EXERCISE REQUIREMENTS - For the entries that follow, retype exactly the lines from the one containing "Romario Manzini Collection" to the one containing "Vital Golden Collagen", inclusive, and only those. Images stay out of the copy.

Captioned web images -
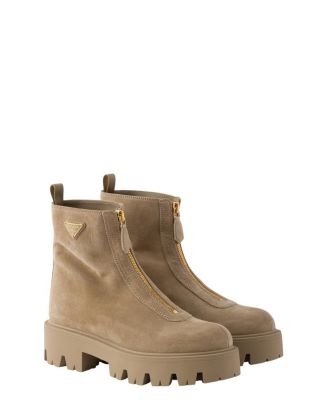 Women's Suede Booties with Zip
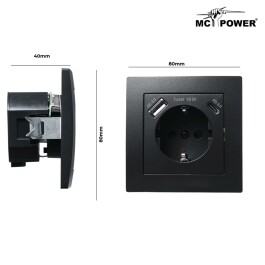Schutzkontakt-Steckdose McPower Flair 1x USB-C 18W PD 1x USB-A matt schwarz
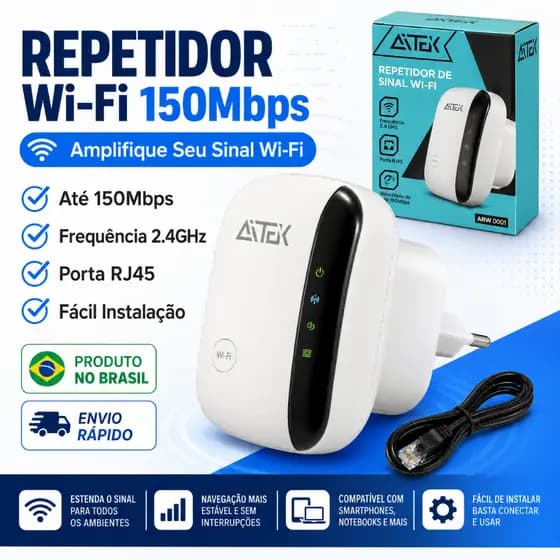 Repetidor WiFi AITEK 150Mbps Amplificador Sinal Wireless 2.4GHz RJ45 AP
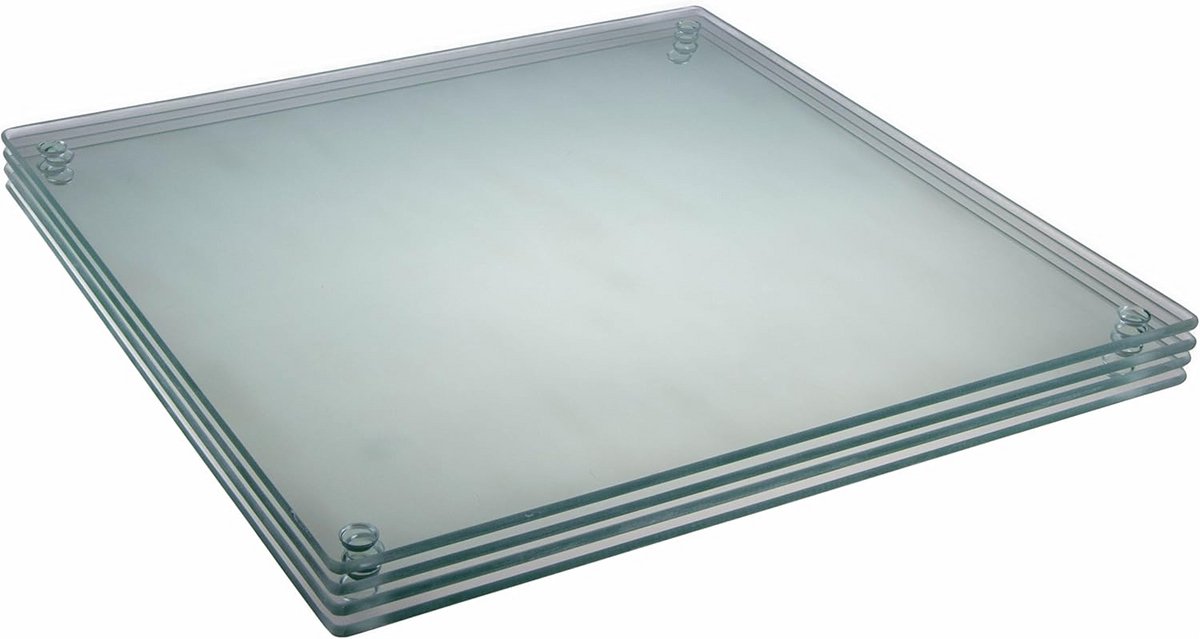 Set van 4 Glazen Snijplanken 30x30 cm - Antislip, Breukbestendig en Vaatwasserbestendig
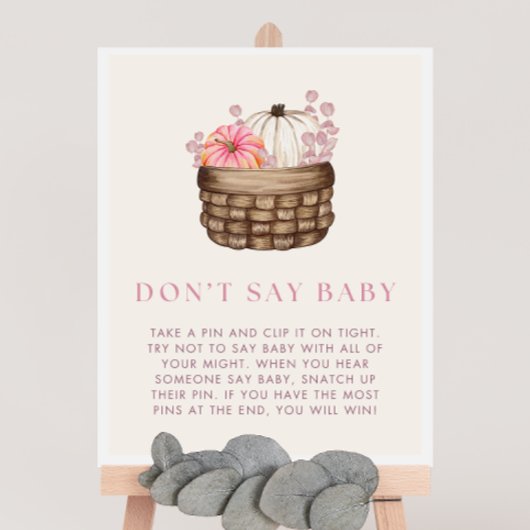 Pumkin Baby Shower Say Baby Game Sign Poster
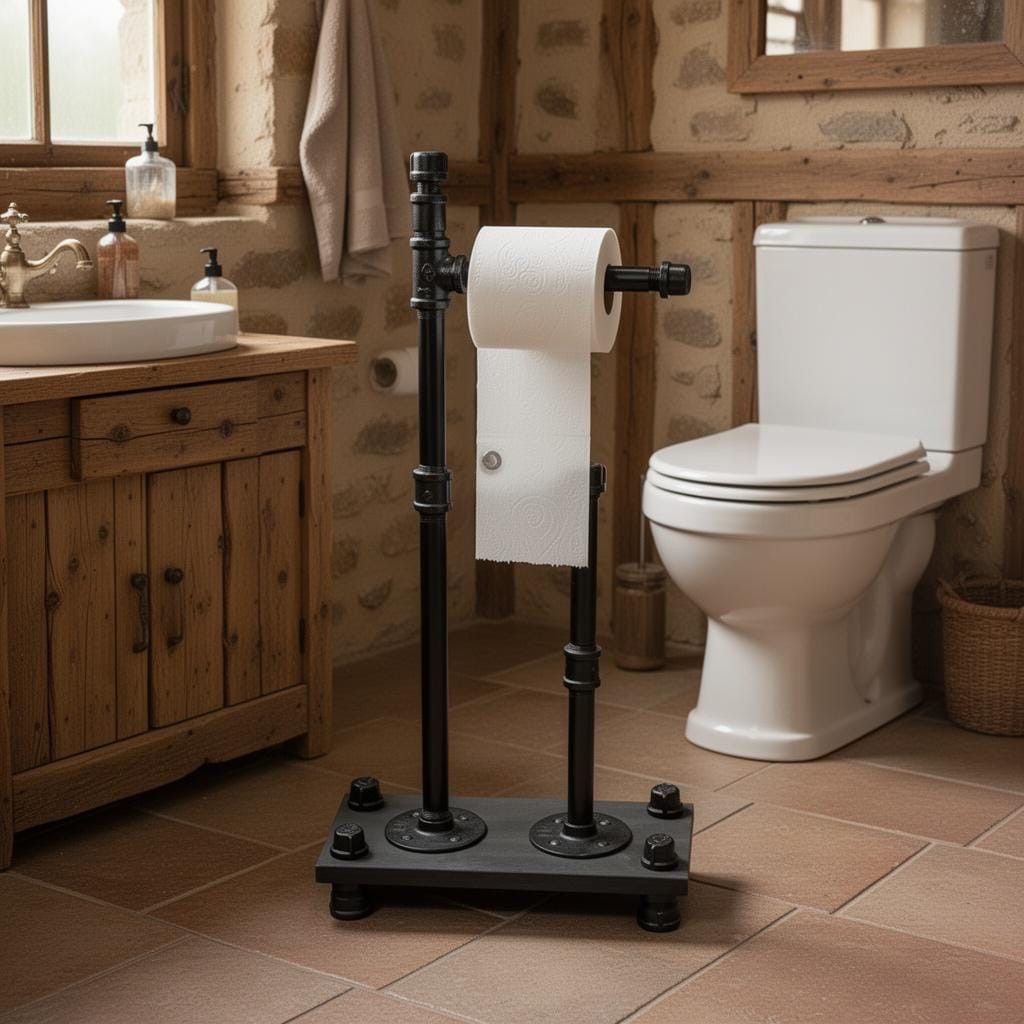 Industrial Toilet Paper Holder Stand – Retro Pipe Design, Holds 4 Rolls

---

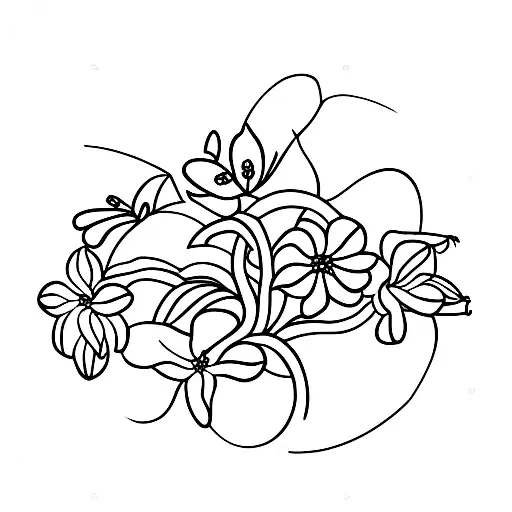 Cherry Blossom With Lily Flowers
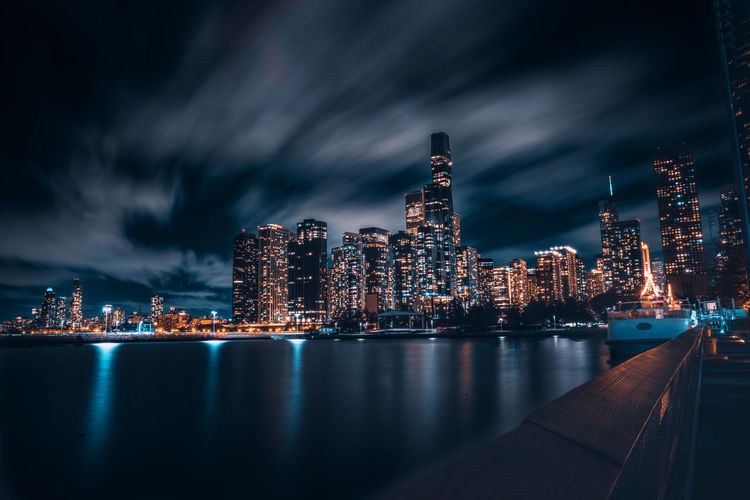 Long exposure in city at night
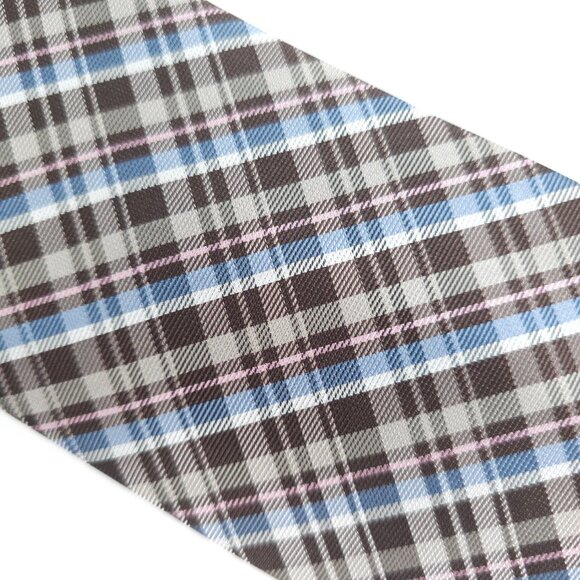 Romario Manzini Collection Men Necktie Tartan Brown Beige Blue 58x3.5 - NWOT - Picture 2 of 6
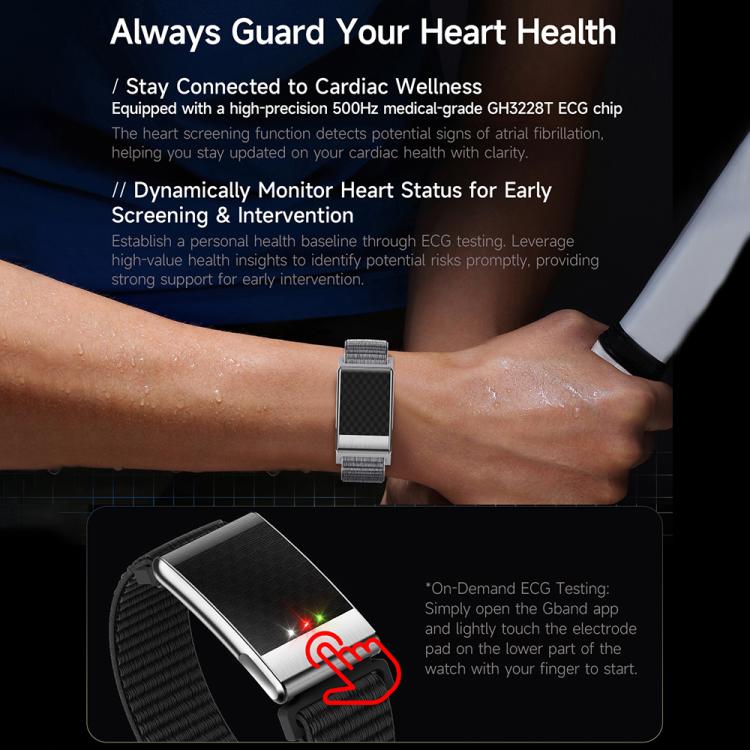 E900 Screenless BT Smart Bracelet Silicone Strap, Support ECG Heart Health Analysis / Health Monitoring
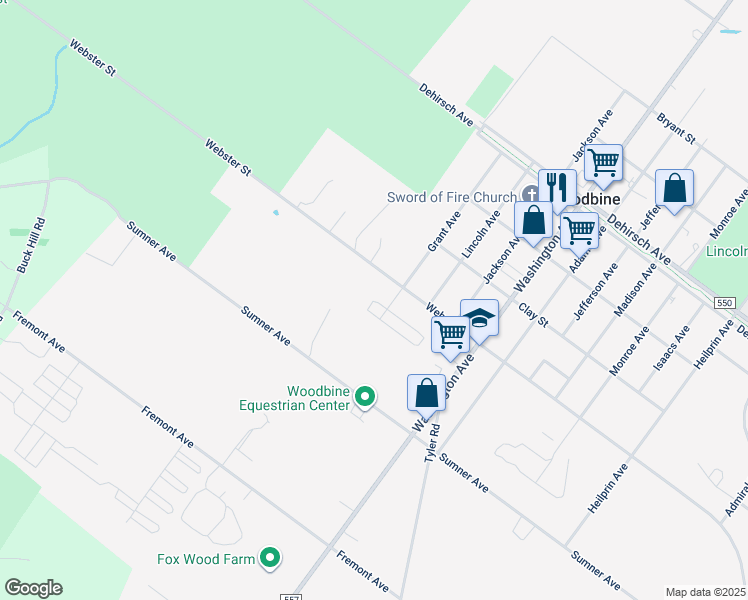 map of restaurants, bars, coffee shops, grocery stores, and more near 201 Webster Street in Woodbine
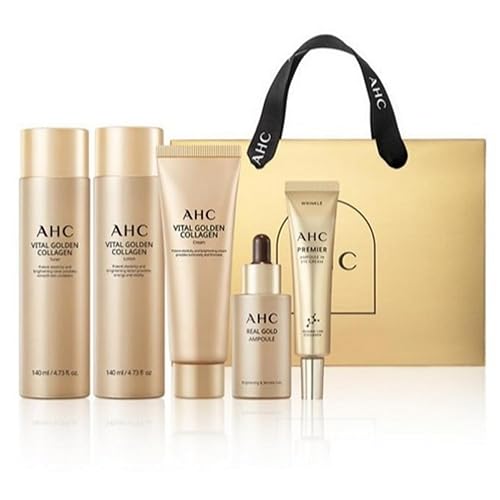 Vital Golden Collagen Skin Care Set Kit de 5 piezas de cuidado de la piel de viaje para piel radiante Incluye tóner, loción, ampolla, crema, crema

SOLUTION TO THIS PROBLEM -
 Romario Manzini Collection Men Necktie Tartan Brown Beige Blue 58x3.5 - NWOT - Picture 2 of 6
 E900 Screenless BT Smart Bracelet Silicone Strap, Support ECG Heart Health Analysis / Health Monitoring
 map of restaurants, bars, coffee shops, grocery stores, and more near 201 Webster Street in Woodbine
 Vital Golden Collagen Skin Care Set Kit de 5 piezas de cuidado de la piel de viaje para piel radiante Incluye tóner, loción, ampolla, crema, crema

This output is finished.